The Oslo Process and associated Effects
The Oslo Accords were negotiations between the Palestinian national movement and the Israelis on how the occupation would be withdrawn from Palestine while Norway took up the mediating role. These accords were formed with the aim of creating a Palestinian Self-Governing Authority in the West Bank and Gaza Strip during a transitional period of less than five years and eventually lead to permanent settlement (Neff, 1997). However, the Oslo Accords were erased after Binyamin Netanyahu, who held contempt for the Palestinian society, became the newly elected leader for the Israelis.
The Oslo peace process barely took the wind of the Intifada, and none of the actions agreed during the peace were executed.

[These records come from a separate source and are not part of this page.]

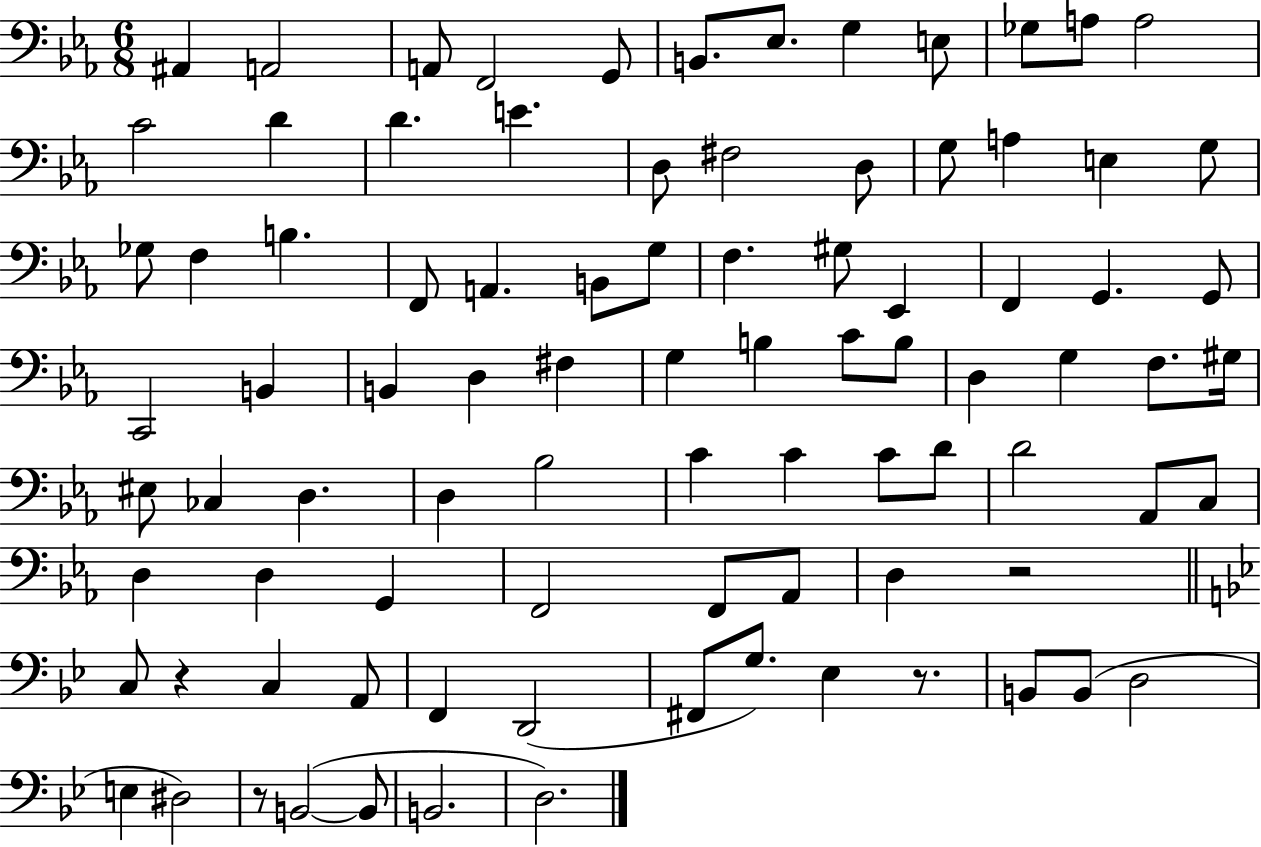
A#2/q A2/h A2/e F2/h G2/e B2/e. Eb3/e. G3/q E3/e Gb3/e A3/e A3/h C4/h D4/q D4/q. E4/q. D3/e F#3/h D3/e G3/e A3/q E3/q G3/e Gb3/e F3/q B3/q. F2/e A2/q. B2/e G3/e F3/q. G#3/e Eb2/q F2/q G2/q. G2/e C2/h B2/q B2/q D3/q F#3/q G3/q B3/q C4/e B3/e D3/q G3/q F3/e. G#3/s EIS3/e CES3/q D3/q. D3/q Bb3/h C4/q C4/q C4/e D4/e D4/h Ab2/e C3/e D3/q D3/q G2/q F2/h F2/e Ab2/e D3/q R/h C3/e R/q C3/q A2/e F2/q D2/h F#2/e G3/e. Eb3/q R/e. B2/e B2/e D3/h E3/q D#3/h R/e B2/h B2/e B2/h. D3/h.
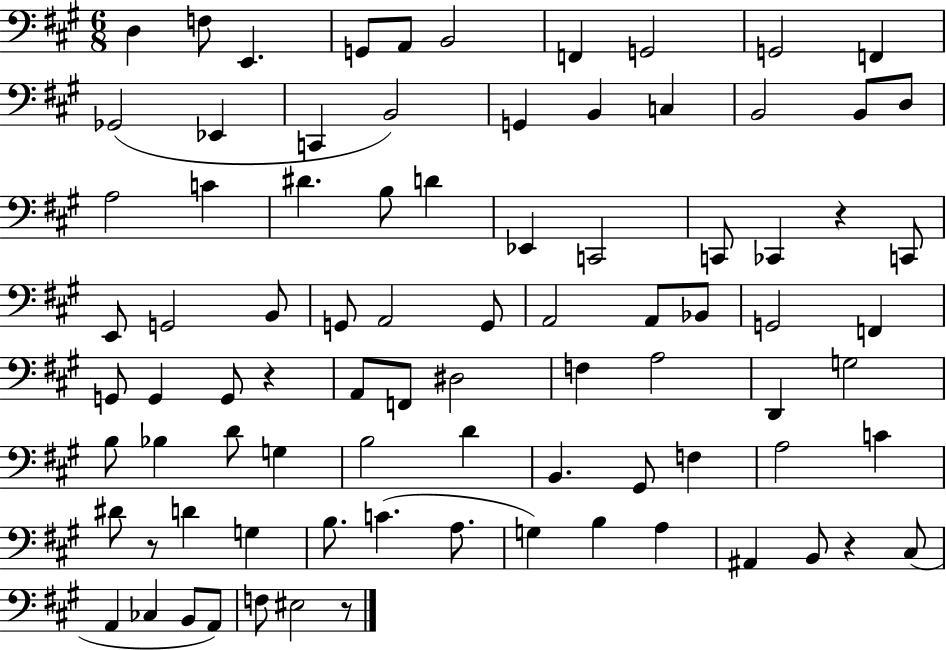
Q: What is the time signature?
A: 6/8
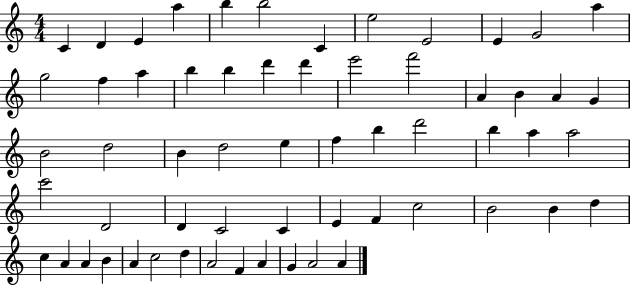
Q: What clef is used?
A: treble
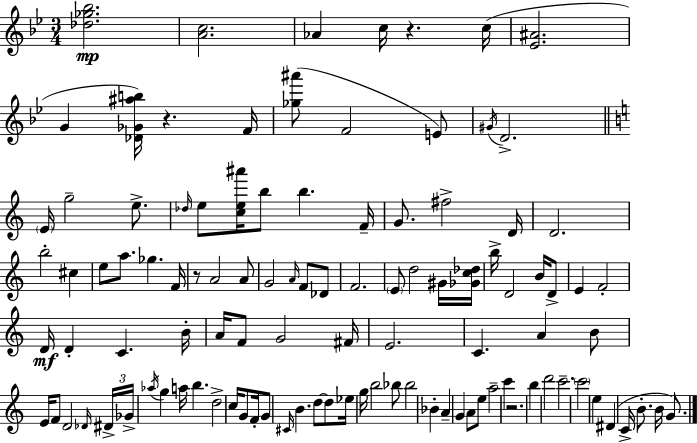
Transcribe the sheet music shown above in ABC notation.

X:1
T:Untitled
M:3/4
L:1/4
K:Bb
[_d_g_b]2 [Ac]2 _A c/4 z c/4 [_E^A]2 G [_D_G^ab]/4 z F/4 [_g^a']/2 F2 E/2 ^G/4 D2 E/4 g2 e/2 _d/4 e/2 [ce^a']/4 b/2 b F/4 G/2 ^f2 D/4 D2 b2 ^c e/2 a/2 _g F/4 z/2 A2 A/2 G2 A/4 F/2 _D/2 F2 E/2 d2 ^G/4 [_Gc_d]/4 b/4 D2 B/4 D/2 E F2 D/4 D C B/4 A/4 F/2 G2 ^F/4 E2 C A B/2 E/4 F/2 D2 _D/4 ^D/4 _G/4 _a/4 g a/4 b d2 c/4 G/2 F/4 G/2 ^C/4 B d/2 d/2 _e/4 g/4 b2 _b/2 _b2 _B A G A/2 e/2 a2 c' z2 b d'2 c'2 c'2 e ^D C/4 B/2 B/4 G/2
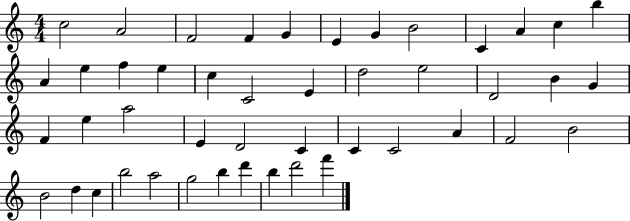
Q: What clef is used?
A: treble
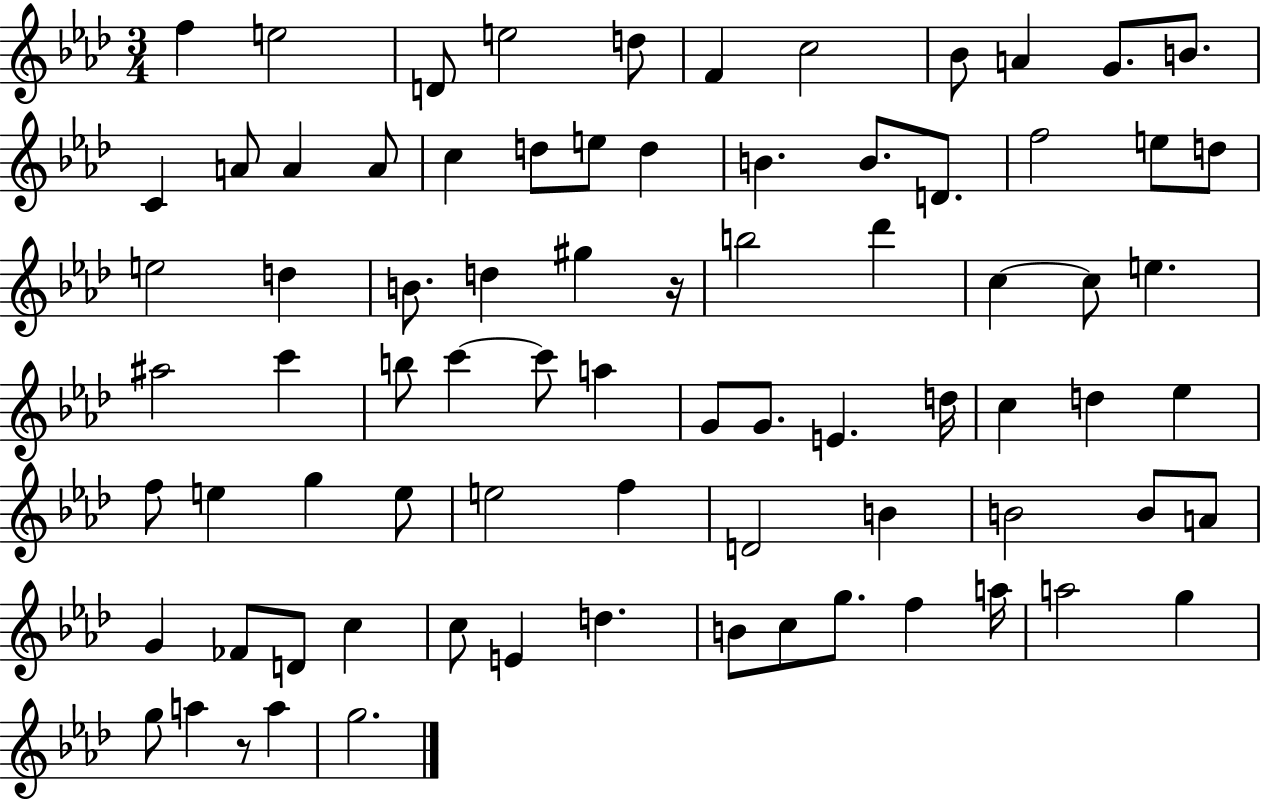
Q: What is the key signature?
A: AES major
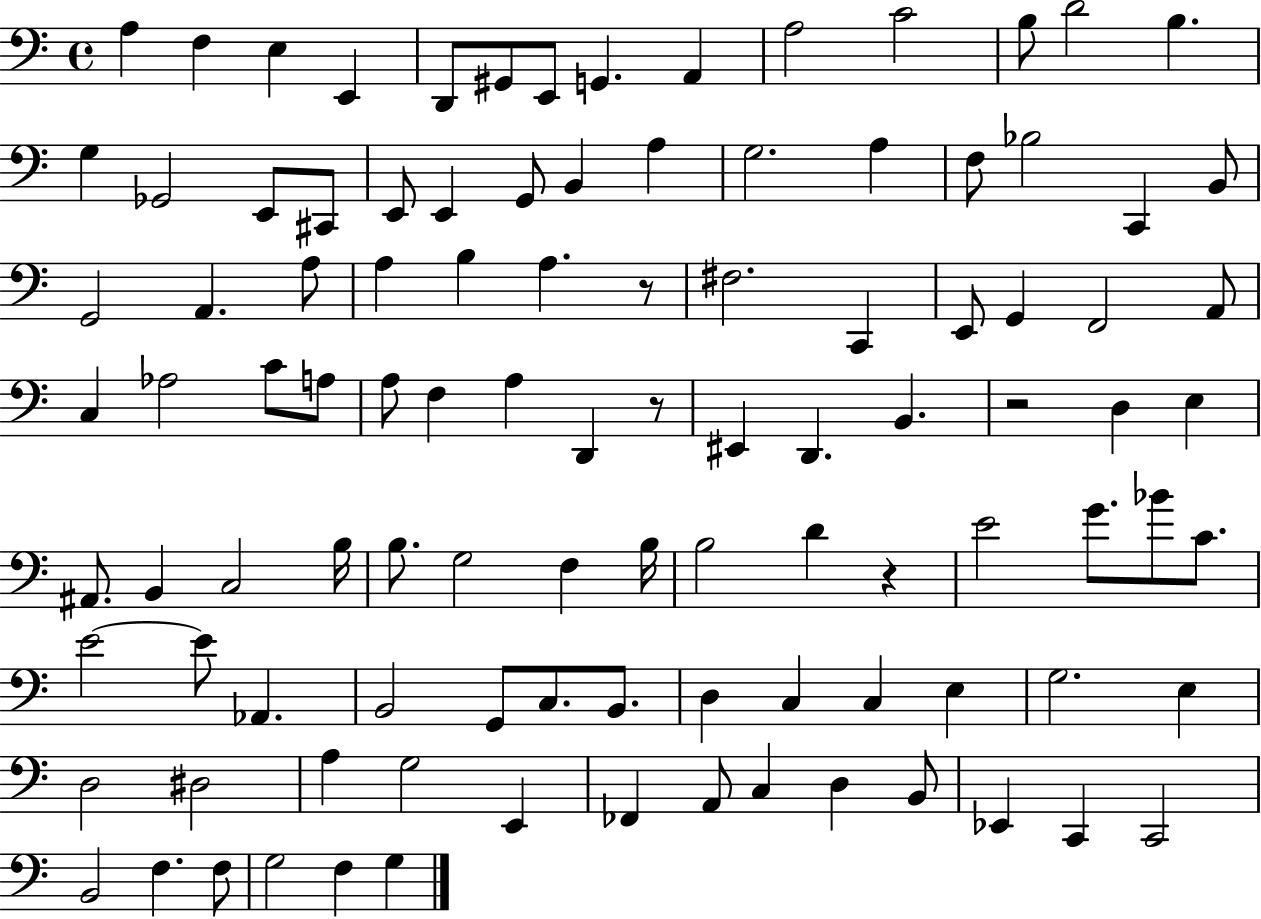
{
  \clef bass
  \time 4/4
  \defaultTimeSignature
  \key c \major
  a4 f4 e4 e,4 | d,8 gis,8 e,8 g,4. a,4 | a2 c'2 | b8 d'2 b4. | \break g4 ges,2 e,8 cis,8 | e,8 e,4 g,8 b,4 a4 | g2. a4 | f8 bes2 c,4 b,8 | \break g,2 a,4. a8 | a4 b4 a4. r8 | fis2. c,4 | e,8 g,4 f,2 a,8 | \break c4 aes2 c'8 a8 | a8 f4 a4 d,4 r8 | eis,4 d,4. b,4. | r2 d4 e4 | \break ais,8. b,4 c2 b16 | b8. g2 f4 b16 | b2 d'4 r4 | e'2 g'8. bes'8 c'8. | \break e'2~~ e'8 aes,4. | b,2 g,8 c8. b,8. | d4 c4 c4 e4 | g2. e4 | \break d2 dis2 | a4 g2 e,4 | fes,4 a,8 c4 d4 b,8 | ees,4 c,4 c,2 | \break b,2 f4. f8 | g2 f4 g4 | \bar "|."
}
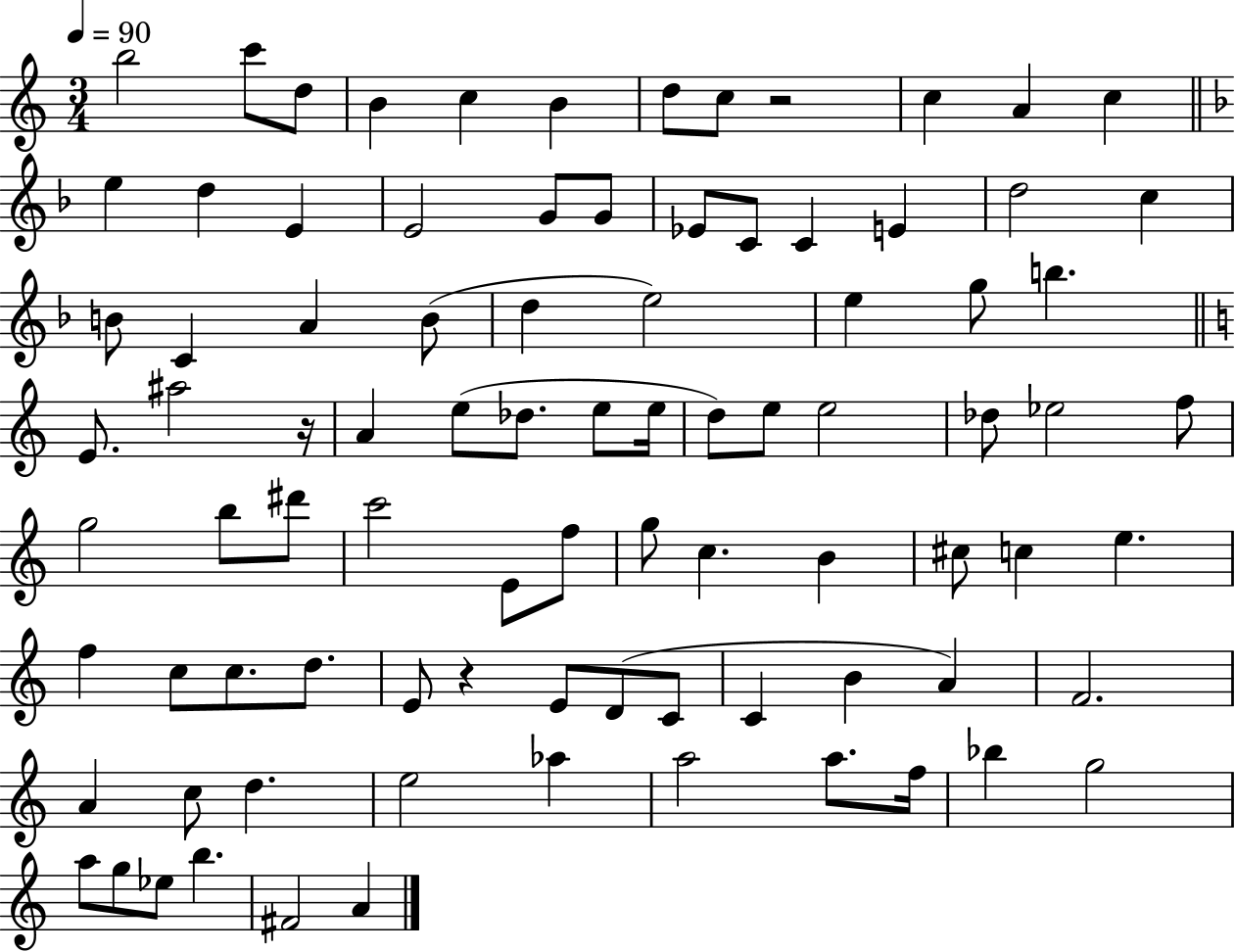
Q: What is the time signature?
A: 3/4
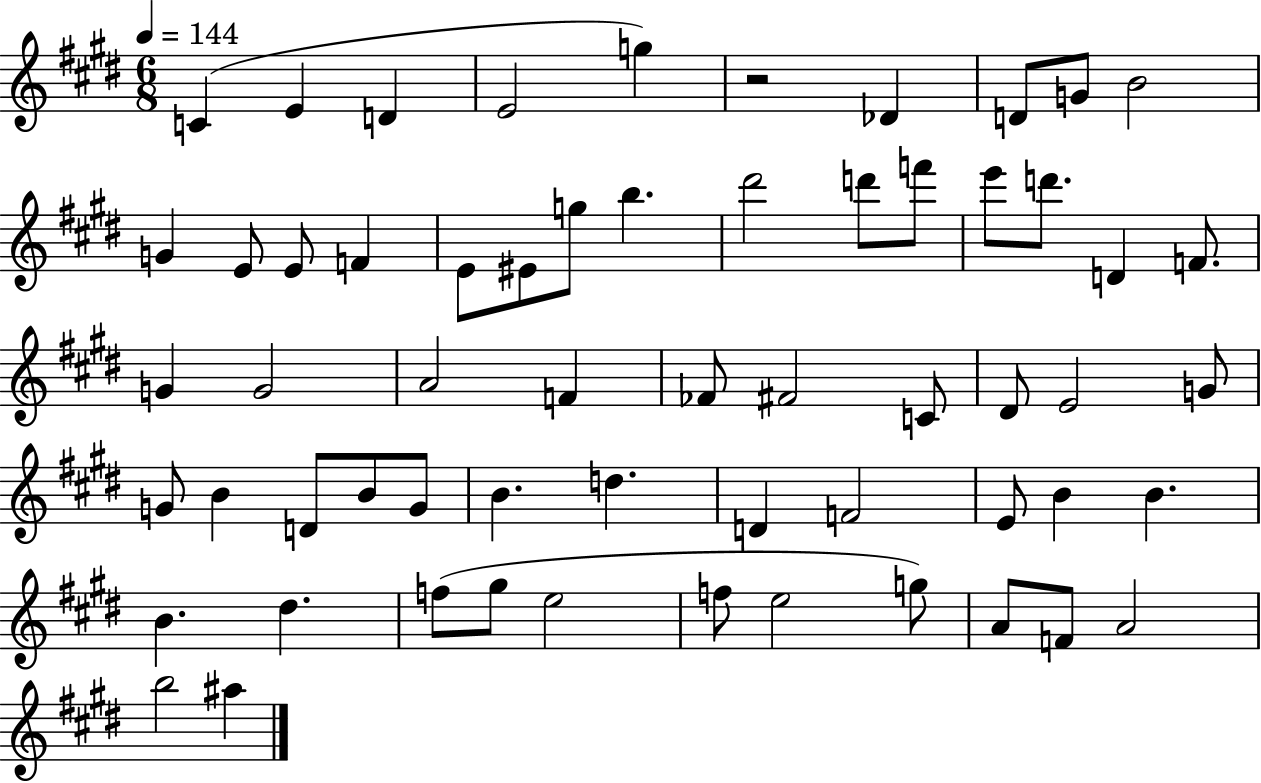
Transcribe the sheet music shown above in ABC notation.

X:1
T:Untitled
M:6/8
L:1/4
K:E
C E D E2 g z2 _D D/2 G/2 B2 G E/2 E/2 F E/2 ^E/2 g/2 b ^d'2 d'/2 f'/2 e'/2 d'/2 D F/2 G G2 A2 F _F/2 ^F2 C/2 ^D/2 E2 G/2 G/2 B D/2 B/2 G/2 B d D F2 E/2 B B B ^d f/2 ^g/2 e2 f/2 e2 g/2 A/2 F/2 A2 b2 ^a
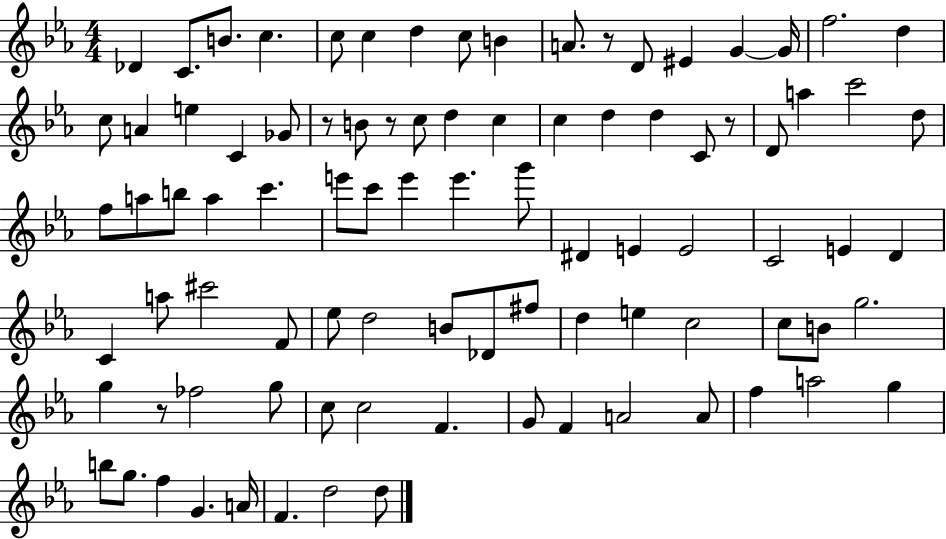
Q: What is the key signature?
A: EES major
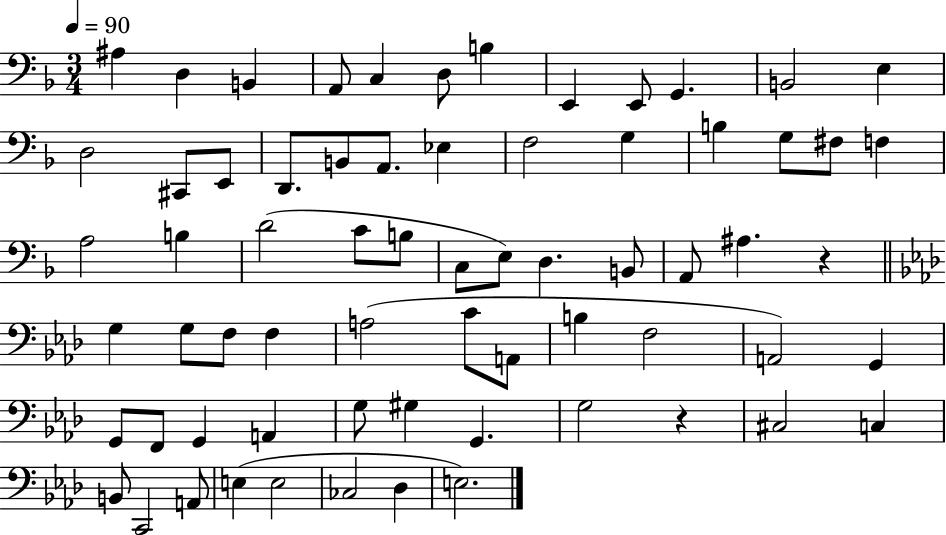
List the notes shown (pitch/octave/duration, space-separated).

A#3/q D3/q B2/q A2/e C3/q D3/e B3/q E2/q E2/e G2/q. B2/h E3/q D3/h C#2/e E2/e D2/e. B2/e A2/e. Eb3/q F3/h G3/q B3/q G3/e F#3/e F3/q A3/h B3/q D4/h C4/e B3/e C3/e E3/e D3/q. B2/e A2/e A#3/q. R/q G3/q G3/e F3/e F3/q A3/h C4/e A2/e B3/q F3/h A2/h G2/q G2/e F2/e G2/q A2/q G3/e G#3/q G2/q. G3/h R/q C#3/h C3/q B2/e C2/h A2/e E3/q E3/h CES3/h Db3/q E3/h.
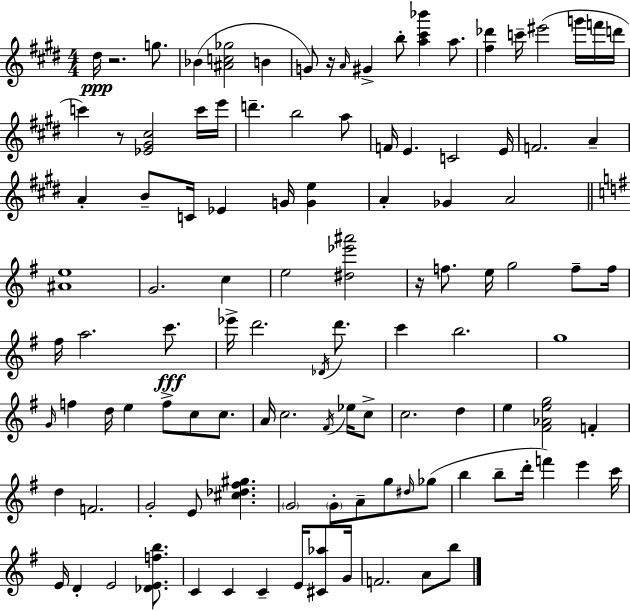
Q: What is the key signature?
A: E major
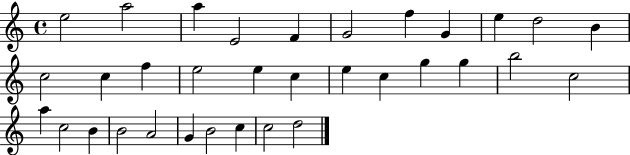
{
  \clef treble
  \time 4/4
  \defaultTimeSignature
  \key c \major
  e''2 a''2 | a''4 e'2 f'4 | g'2 f''4 g'4 | e''4 d''2 b'4 | \break c''2 c''4 f''4 | e''2 e''4 c''4 | e''4 c''4 g''4 g''4 | b''2 c''2 | \break a''4 c''2 b'4 | b'2 a'2 | g'4 b'2 c''4 | c''2 d''2 | \break \bar "|."
}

The Oslo peace process morphed the PLO, an organization that was actively involved in promoting nationalism and resistance against the occupation into PA, an institution that policed its own in order to secure a place at the negotiation table. While all the international resources were directed to the peace process, the real issues on the grounds were ignored and instead of withdrawing their forces from Palestine, more of these forces were set up. The Oslo process was a means through which the Israelis were able to manipulate the national organizations and discreetly take charge.
During the Oslo Accords, the Israeli confiscated more land belonging to the Palestinians and the Palestinians were monitored like never before. Palestinians were denied Jerusalem residency rights and they could only go where they were told to, and when they were told to go. The Israelis took advantage of the Oslo process to exert more military coercion that led to intensified curfews: the Palestinians were subjected to around 10 weeks of in-house curfew. In the process, they lost a means of livelihood as the Israelis started importing labor. The Palestinians now focused on survival as mass resistance became difficult to sustain.
Conclusion
It is no doubt that the first Intifada was the only time when women were actively involved in political, social, economic, and cultural activities. Nonetheless, this phase in time did not reverse the highly held traditional values and norms of the Palestinian society as seen in the current situation. The promise of the implementation of Oslo Accords led to a gradual disbandment of the organized resistance networks. The involvement of women in the first Intifada and the establishment of the various women committees left an impact that continues to smolder in the current hearts of the Palestinian women.
The fight against the occupation still lives on and even though the subsequent intifada entailed a lot of militarization, women took up the role of suicide bombers. This new role has led to a mixed reaction regarding the reformulated role of the current-day Palestinian woman. Whereas the rest of the world links this action to the sufferings of the women, some Islamists regard this action as heroic while other see it as relegation.
References
Hillauer, R. (2005). Encyclopedia of Arab women filmmakers. New York: The American University in Cairo Press.
James, M. K. (2012). Women and the Intifadas: the evolution of Palestinian Women’s Organizations. Strife Journal, 1, 18-22.
Joseph, S., Najmabadi, A., Peteet, J., Shami, S., Siapno, J., Smith, J. (Eds.). (2005). Encyclopedia of women and Islamic cultures: Family, law and politics. Laiden, The Netherlands: Koninklijke Brill NV.
Karkar, S. (2007). The first intifada 20 years later. Web.
Kawal, A. (1996). Daughters of Palestine: Leading women of the Palestinian National Movement. Albany: State University of New York Press.
Levene, S. (2011). What was he role of Palestinian women in the First Intifada? Web.
Musleh,M. (2012). Women’s activism in Palestine. Web.
Neff, D. (1997). The first Intifada erupts, forcing Israel to recognize Palestinians. Web.